Exercise instructions
Print, in exact form, the lines below from the one containing "Authentic Camo Cargo" through the one containing "Derby Look Rocky", and omit all others.

Dataset content
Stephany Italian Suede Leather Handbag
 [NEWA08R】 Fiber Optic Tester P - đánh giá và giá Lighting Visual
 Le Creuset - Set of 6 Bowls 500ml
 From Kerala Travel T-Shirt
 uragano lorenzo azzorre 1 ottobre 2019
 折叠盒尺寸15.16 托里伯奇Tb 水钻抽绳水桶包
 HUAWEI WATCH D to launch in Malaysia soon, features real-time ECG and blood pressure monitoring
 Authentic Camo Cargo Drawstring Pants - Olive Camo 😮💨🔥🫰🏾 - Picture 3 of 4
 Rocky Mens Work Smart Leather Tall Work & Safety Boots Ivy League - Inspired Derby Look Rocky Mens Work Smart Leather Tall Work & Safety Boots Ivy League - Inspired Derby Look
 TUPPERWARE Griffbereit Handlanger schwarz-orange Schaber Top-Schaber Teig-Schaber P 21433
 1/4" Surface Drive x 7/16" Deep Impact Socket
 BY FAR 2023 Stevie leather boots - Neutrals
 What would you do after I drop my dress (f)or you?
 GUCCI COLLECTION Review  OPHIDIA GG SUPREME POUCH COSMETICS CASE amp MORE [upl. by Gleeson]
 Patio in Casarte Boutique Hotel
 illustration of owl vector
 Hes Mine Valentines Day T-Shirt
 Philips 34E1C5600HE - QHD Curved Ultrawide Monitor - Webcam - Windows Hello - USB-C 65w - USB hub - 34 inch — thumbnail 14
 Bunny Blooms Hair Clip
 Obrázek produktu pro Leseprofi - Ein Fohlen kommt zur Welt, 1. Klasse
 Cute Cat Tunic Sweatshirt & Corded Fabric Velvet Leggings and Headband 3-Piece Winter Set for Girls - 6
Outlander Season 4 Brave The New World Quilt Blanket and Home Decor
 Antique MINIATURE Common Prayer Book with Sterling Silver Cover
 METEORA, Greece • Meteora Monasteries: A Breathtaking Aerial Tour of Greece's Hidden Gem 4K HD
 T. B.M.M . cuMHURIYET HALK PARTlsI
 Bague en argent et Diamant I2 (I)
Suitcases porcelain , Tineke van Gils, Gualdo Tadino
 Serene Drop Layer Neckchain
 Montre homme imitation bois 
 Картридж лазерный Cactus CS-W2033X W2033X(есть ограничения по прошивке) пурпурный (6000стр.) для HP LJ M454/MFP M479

Solution to the exercise
 Authentic Camo Cargo Drawstring Pants - Olive Camo 😮💨🔥🫰🏾 - Picture 3 of 4
 Rocky Mens Work Smart Leather Tall Work & Safety Boots Ivy League - Inspired Derby Look Rocky Mens Work Smart Leather Tall Work & Safety Boots Ivy League - Inspired Derby Look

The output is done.